- Culture
- 15 Jul 14
Off-beat Irish drama only a partial success
Love, suicide, obsession and black comedy make for strange bedfellows in this offbeat and occasionally off-balance Irish feature. The dark philosophies that writer/director Brendan Muldowney brought to his often brutal debut Savage aren’t completely absent from his study of an isolated and death-fixated young man, but with lush cinematography, some comic touches and a palpable sense of yearning, Love Eternal proves a much more hopeful offering.
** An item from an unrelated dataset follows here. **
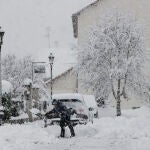 GRAFCAV4035. ESPINAL, 16/01/2023.- Una persona intenta limpiar de nieve para poder sacar su vehículo de una calle de la localidad de Espinal donde una intensa nevada caída durante la jornada de este lunes cubre completamente la carretera. EFE/ Jesus Diges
Dutch actor Robert de Hoog is Ian, a troubled young man whose early and repeated brushes with tragedy and death have caused him to disengage from the world for over a decade. Slow-moving, almost expressionless and allowing his accent to further denote distance from those around him, de Hoog brings a sense of vulnerability and enigma to his character. When Ian begins forming emotional attachments with the bodies of young suicidal women, his seemingly necrophiliac desires actually reveal a much more innocent need; one for connection, without pain.
Ian’s often confused and interchangeable obsessions with love, sex and death are deftly handled, though the more overreaching themes of Kei Oishi’s novel can seem clunky onscreen. The character’s burgeoning relationship with a young widow (Pollyanna McIntosh), for its part, descends into formulaic rom-com character tropes.
Shot in Luxembourg and Ireland, and featuring English, Irish and Dutch actors, Love Eternal lacks a sense of place. Muldowney may have aimed for emotional displacement, but his movie feels madly muddled. That said, dreamy cinematography, a jazzy score and nice performances make this odd feature just engaging enough.